During these years the transformation of Bogota's cultural life accelerated, in part thanks to the new means of communication. Newspapers, national and foreign magazines, cinema, radio, telegraphic and telephone communications multiplied, and air transport communicated Bogotá with the rest of the world. The waves of peasants and farm owners fleeing the violence, and those who came to Bogotá in search of work and better opportunities, tripled the population from 700,000 in 1951, to 1,600,000 in 1964 and 2,500,000 inhabitants. in 1973. During the years of the dictatorship of General Rojas Pinilla (1953 to 1957), television began in Colombia and works were carried out such as the El Dorado airport that replaced the old Techo airport.


Bogotá, Special District and Capital District


In 1954 the municipalities of Usme, Bosa, Fontibón, Engativá, Suba and Usaquén were annexed to Bogotá, thus creating the Special District of Bogotá, which was projected towards future growth and organized the new administrative structure of the city. In 1991, due to the new Constitution, Bogotá became the Capital District. According to the 1985 census the population of the capital had increased to 4,100,000 and in 1993 it reached almost 6,000,000. At present (2016), the inhabitants of the city are more than 8,000,000.


Economic Transformation


The economy of the city has had great development and diversification. Industrial production is immense, which has necessitated the creation of important specialized industrial zones. Handicraft production has become one of the most appreciated ornamental and utilitarian expressions and a source of income for family businesses.

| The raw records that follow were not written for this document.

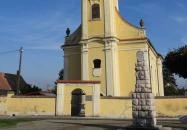 Siklósi Szerb-ortodox templom Siklós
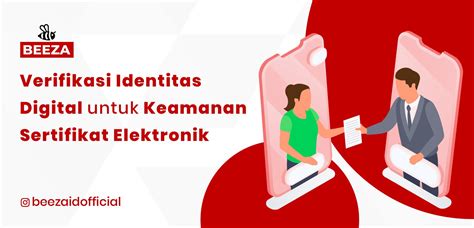 Halaman Verifikasi Keamanan Minta Pengguna Memastikan Identitas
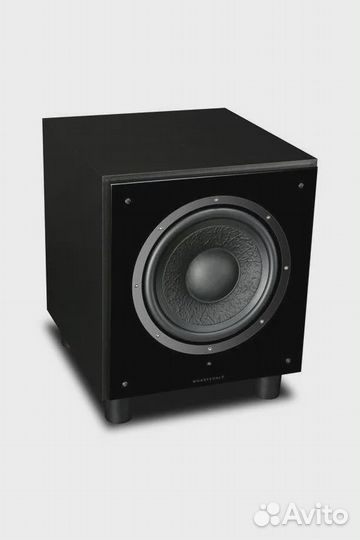 Активный сабвуфер wharfedale diamond SW-10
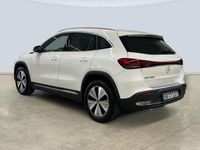 Usado Mercedes EQA250 139 kW (190 CV) 2021 Blanco SUV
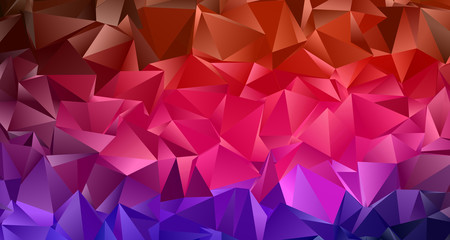 Obraz premium Abstract texture 3d design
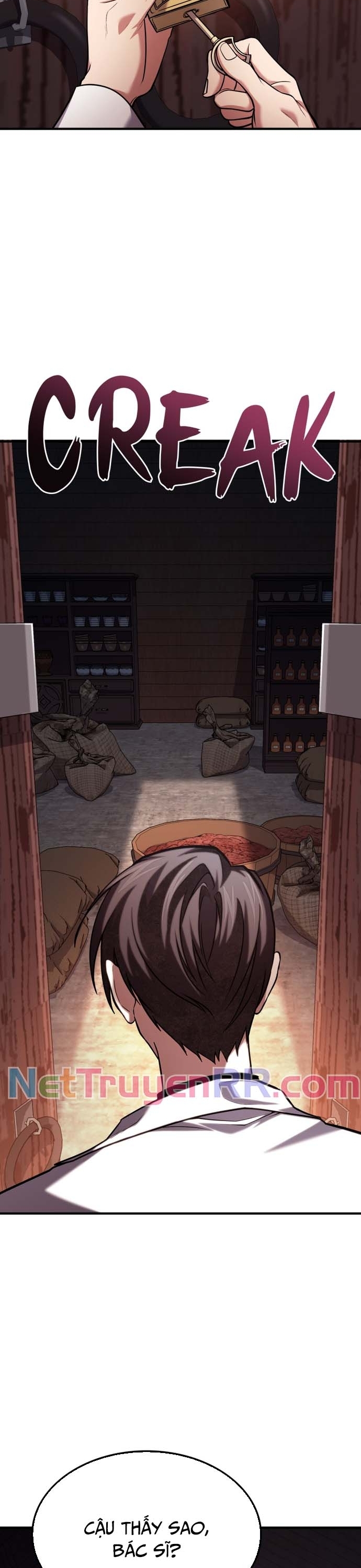 Làm Sao Sống Như Một Trị Liệu Sư Ngầm?: Chapter 62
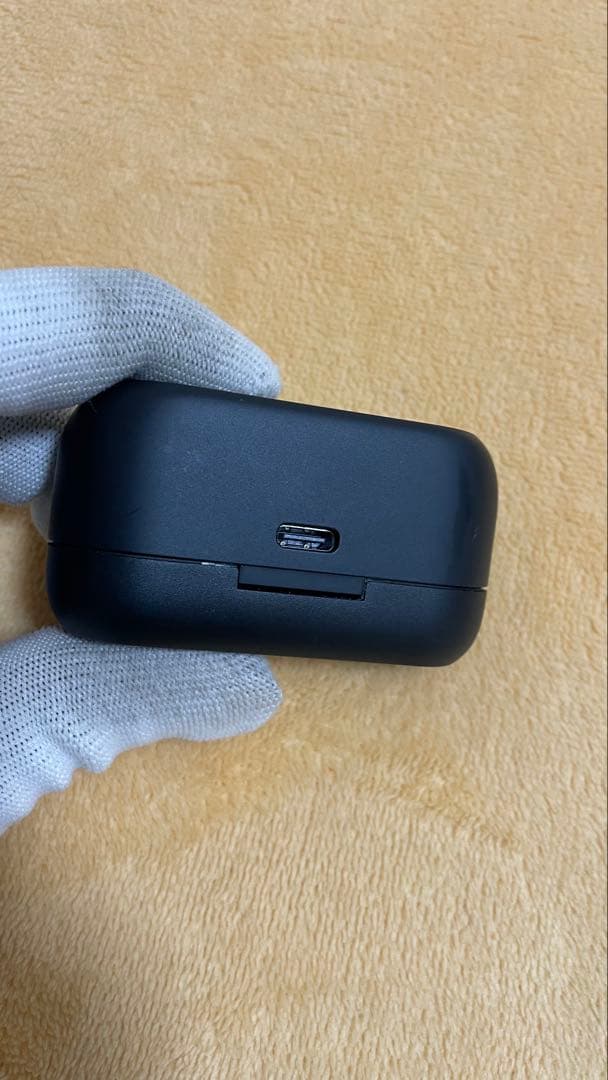 Technics AZ-80 ワイヤレスイヤホン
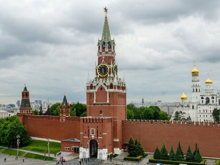 Кремль опубликует выдержки из встречи Путина со СМИ. Слова о Донбассе в том числе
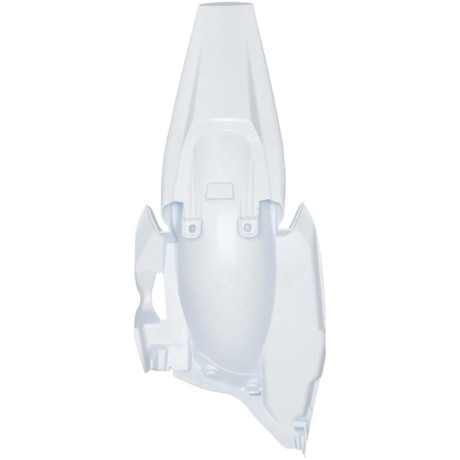 Zadní blatník Acerbis pro Husqvarna TC85 25-26 bílá bílá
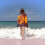 Basketball Beach Towel Microfiber Quick-Dry 52x32 Inch 6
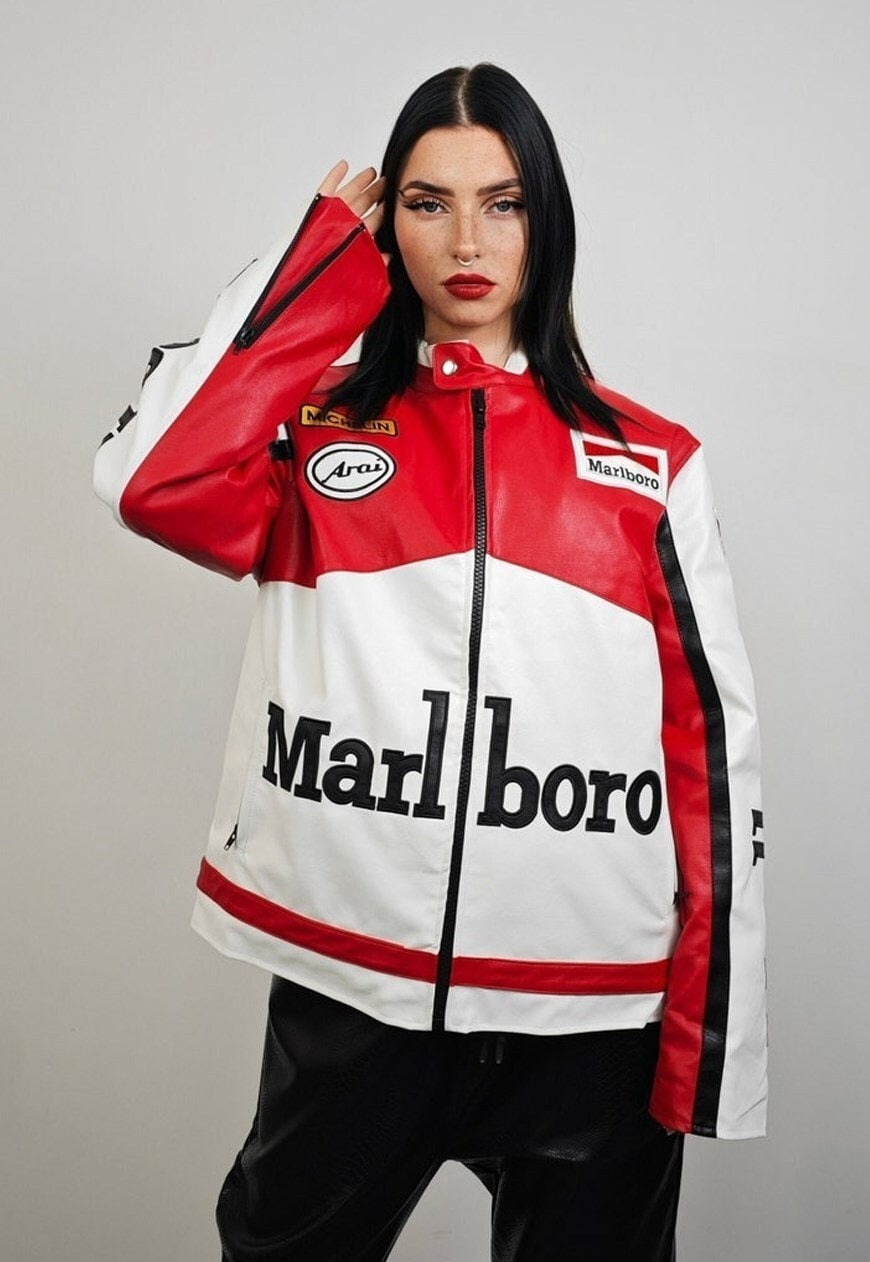 Marlboro Jacket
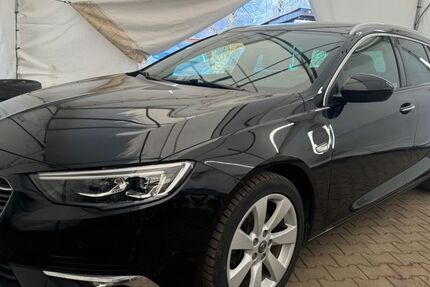 Opel Insignia 150.000 km 9.990 &euro; Hoppegarten Hönow 15366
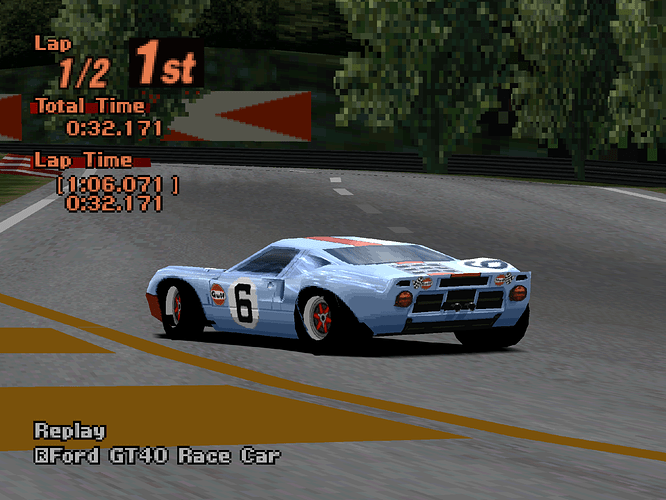 Gran Turismo 2 (USA) (Simulation Mode) (v1.2) (Patched)-220109-132812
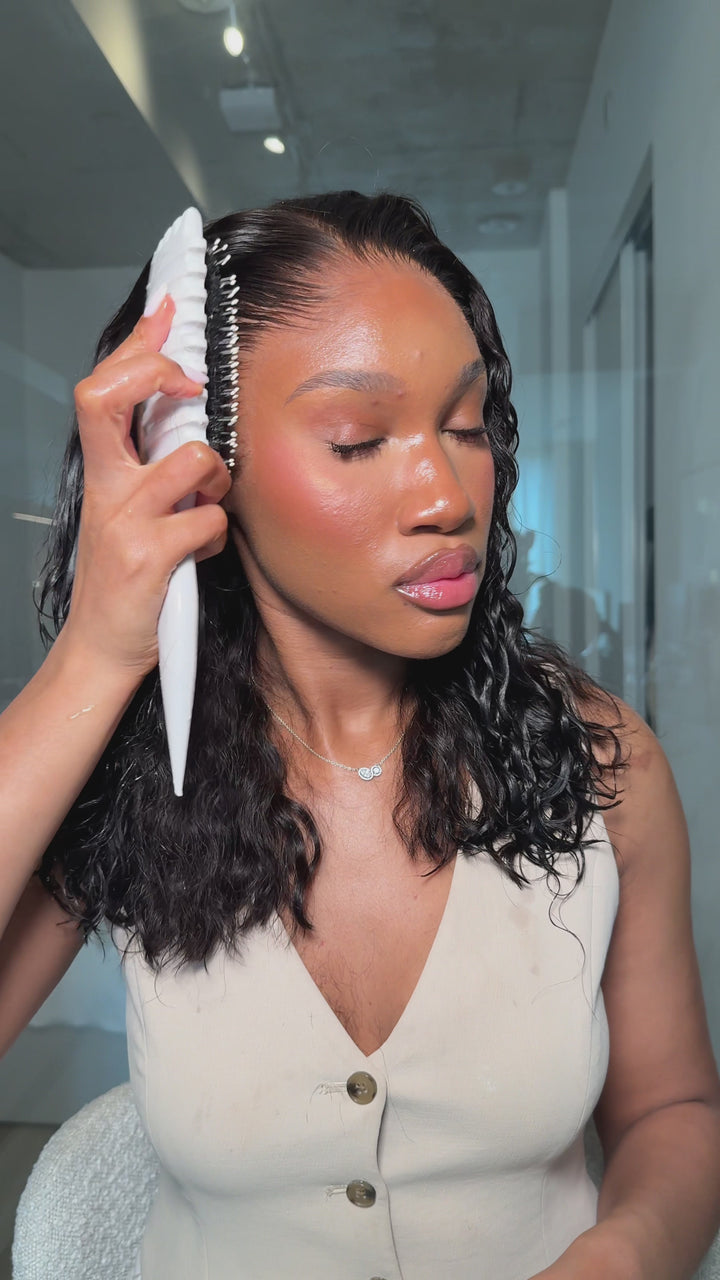 13x6 PASSION WAVE HD LACE FRONTAL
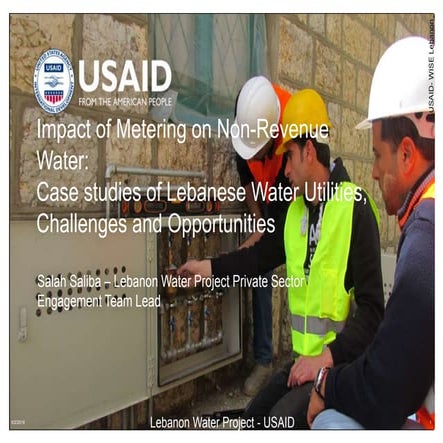 160524LWF - LWP presentation metering impact Final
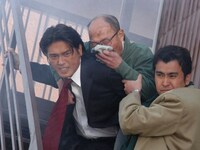 ドラマ サラリーマン金太郎4 の動画まとめ 初月無料 動画配信サービスのビデオマーケット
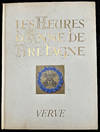 Revue Verve 14-15, 1946.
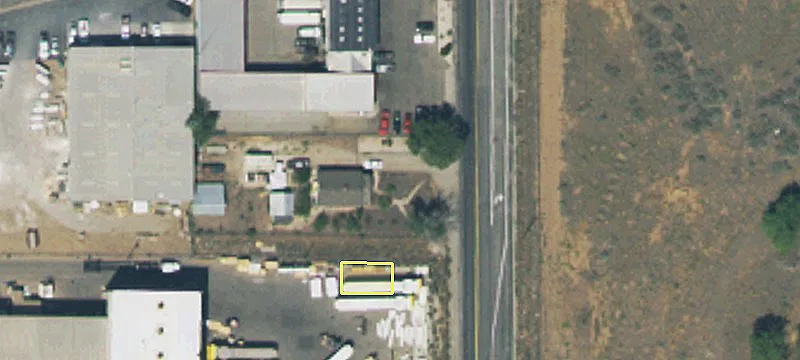 Specialty Commercial Property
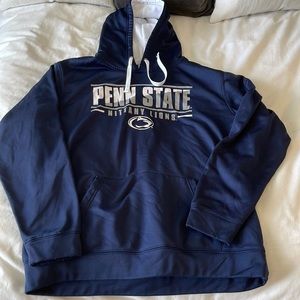 Penn State sweatshirt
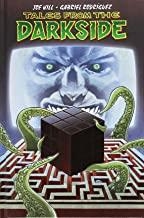 TALES FROM THE DARKSIDE | 9788490949115 | HILL, JOE / RODRIGUEZ, GABRIEL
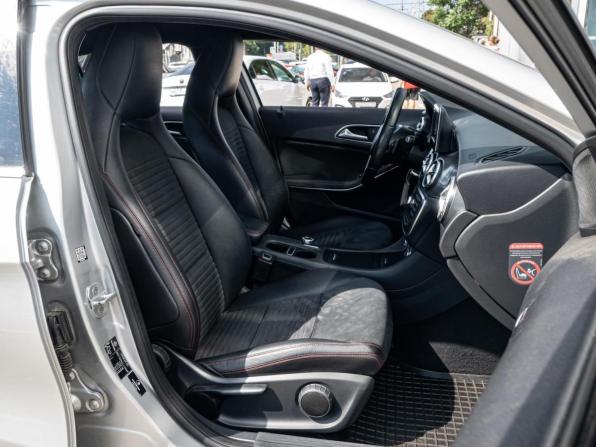 Mercedes-Benz GLA I (X156) с пробегом 2015 года, цена 2 195 000 рублей, 130330 км, внедорожник, Автокод Объявления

The Sabana de Bogotá has become a center for the production of flowers that are exported to many countries, generate foreign exchange and are a source of work that absorbs an immense amount of labor. The informal economy and microenterprises employ a large sector of the population in various activities.


Cultural Life


Beginning in 1950, Bogotá began a profound development in architecture, sculpture, painting, music, literature and education. Currently, universities offer studies and specializations in various artistic careers. The faculties of Philosophy, Literature, History, Humanities and Social Sciences, at the undergraduate, master's and doctoral levels, are training internationally recognized professors, researchers, scientists, writers, musicians and filmmakers.